The further I get, the more frightened..

iVillage Member
Registered: 04-16-2004
The further I get, the more frightened..
6
Thu, 04-22-2004 - 12:35pm
I become.

I posted last week - I'm not sure how many of you saw it. Brief snyopsis of my story:

This will be my 11th pg. I have three beautiful daughters, 15, 7, 5,; had 6 m/c's and lost a son on 12/3/04 at 22 weeks. I have been diagnosed with APS and was on heparin injections and baby aspirin with my son. I had no intentions of being pg again. I even came to terms with the fact that we were done and moved on with my life. Now, after a little carelessness in the b/c department, here I am. I'm 6 weeks and absolutely terrified. I have a dr. appt. next week and I anticipate that they will put me on heparin injections again. But since they didn't work the last time, I'm terrified they won't work again. I can't bear the thought of... well, you know.
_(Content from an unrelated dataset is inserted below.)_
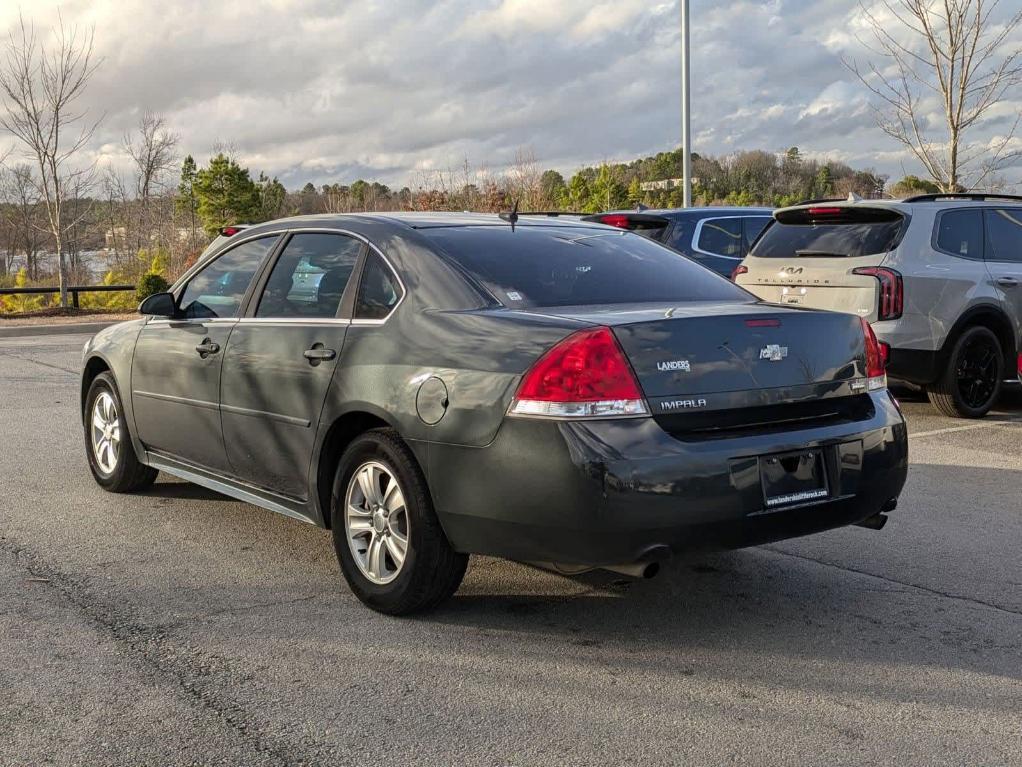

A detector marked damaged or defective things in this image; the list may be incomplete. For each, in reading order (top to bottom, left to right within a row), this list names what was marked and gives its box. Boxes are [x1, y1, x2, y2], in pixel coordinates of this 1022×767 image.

pavement crack [764, 548, 1017, 621]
Anyway, I could really use some prayer and positive thoughts. I've prayed pretty much constantly and although I know it's in God's hands, it's really hard to trust. REALLY hard. I will visit here often because I know you ladies are really good at providing support. And since we've decided to keep this to ourselves, there's no one else to talk to. I will provide what support I can when I can in return. :)

Thanks for letting me vent a bit. I have each and everyone of you in my prayers. I wish you only the best of luck!!

Julie

Julie, proud mama to
Chelsi (10/2/88)
Hannah (7/4/96)
Madison (12/6/98)
Jon Leslie (born sleeping 12/3/02)
Sydney Allison (edd 12/17/04)

iVillage Member
Registered: 09-01-2003
Thu, 04-22-2004 - 12:49pm
Julie,

Big hugs!!! I think paranoia becomes such a natural thing for us when we're pregnant, especially when you have very realistic fears and concerned, that it's a miracle all by itself that we're able to function normally or ever return to sanity again!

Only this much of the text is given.